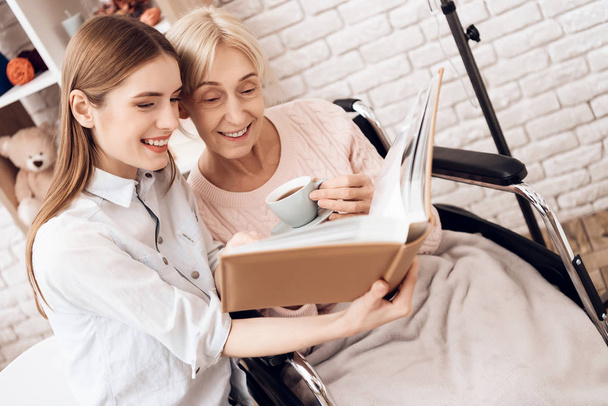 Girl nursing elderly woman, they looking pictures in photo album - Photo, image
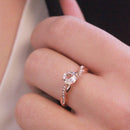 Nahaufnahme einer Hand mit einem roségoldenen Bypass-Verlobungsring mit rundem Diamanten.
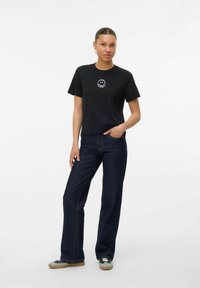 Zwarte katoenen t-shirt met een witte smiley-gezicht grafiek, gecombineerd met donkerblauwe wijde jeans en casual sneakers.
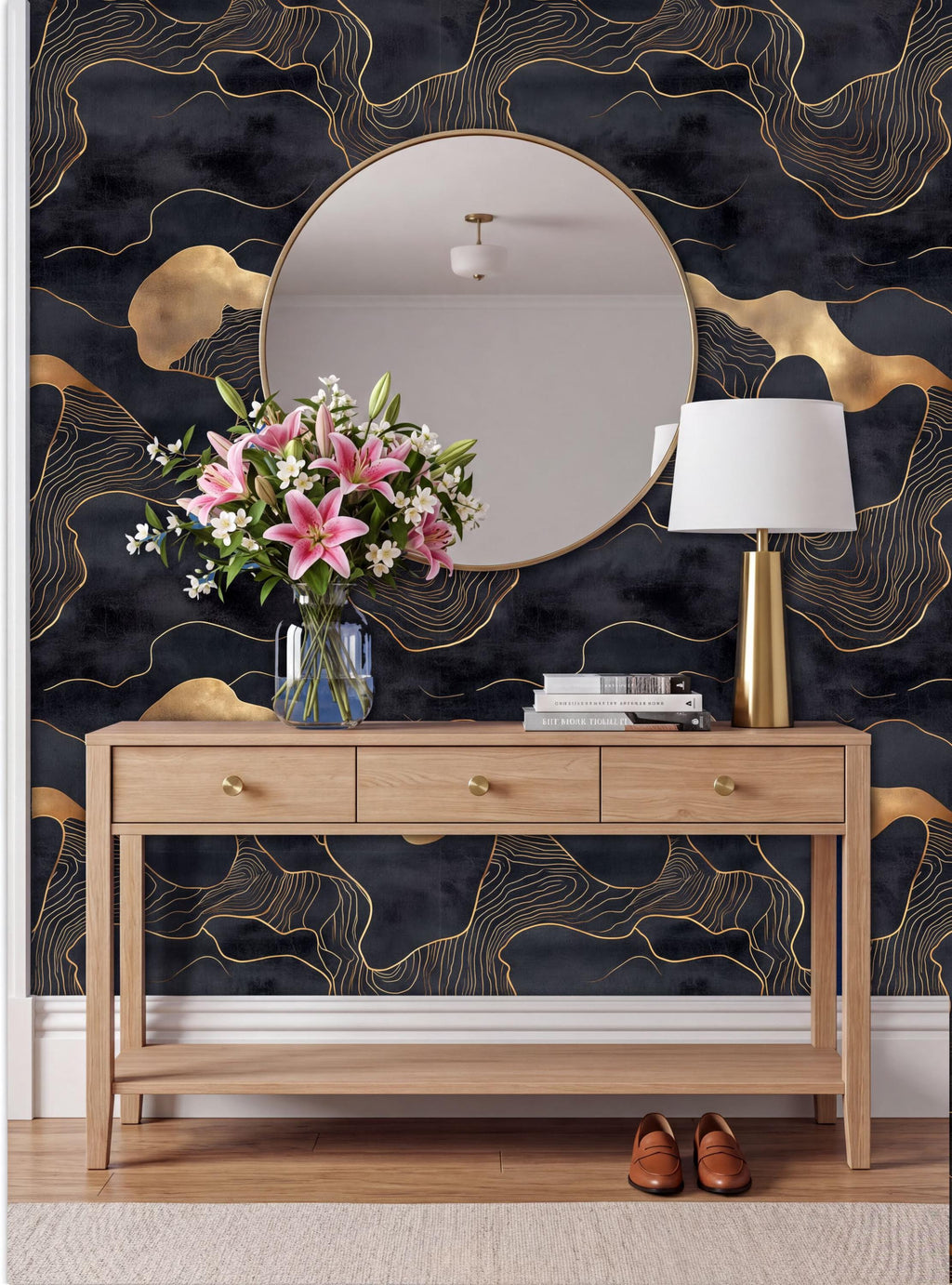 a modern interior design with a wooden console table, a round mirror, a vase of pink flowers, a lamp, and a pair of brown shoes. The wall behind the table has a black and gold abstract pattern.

--*--

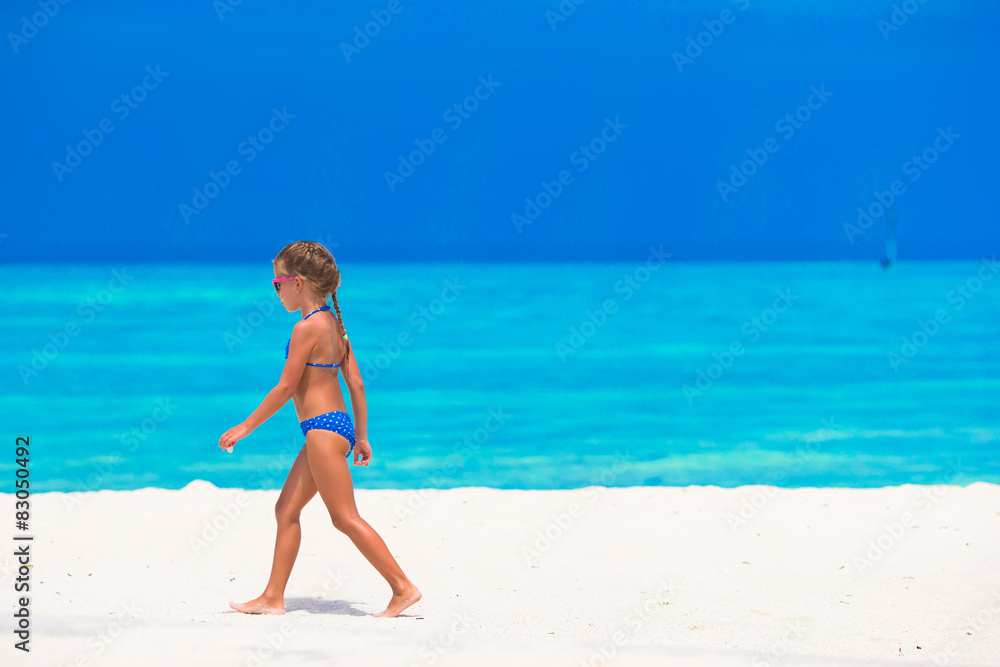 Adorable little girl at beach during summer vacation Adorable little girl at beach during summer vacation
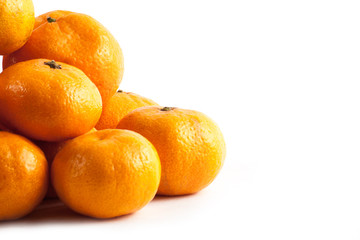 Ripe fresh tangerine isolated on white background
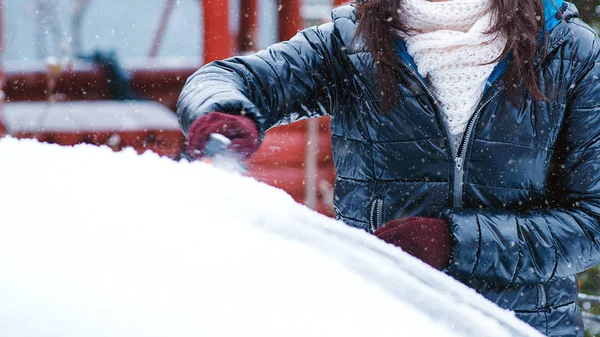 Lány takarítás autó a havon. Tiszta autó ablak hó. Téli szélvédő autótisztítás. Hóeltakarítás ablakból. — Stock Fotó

--*--

ASSIGNMENT:
Leave out every picture, and copy exactly the lines above starting at the one holding "Zwarte katoenen t-shirt" and ending at the one holding "a modern interior", no more and no less.

EXERCISE ANSWER:
 Zwarte katoenen t-shirt met een witte smiley-gezicht grafiek, gecombineerd met donkerblauwe wijde jeans en casual sneakers.
 a modern interior design with a wooden console table, a round mirror, a vase of pink flowers, a lamp, and a pair of brown shoes. The wall behind the table has a black and gold abstract pattern.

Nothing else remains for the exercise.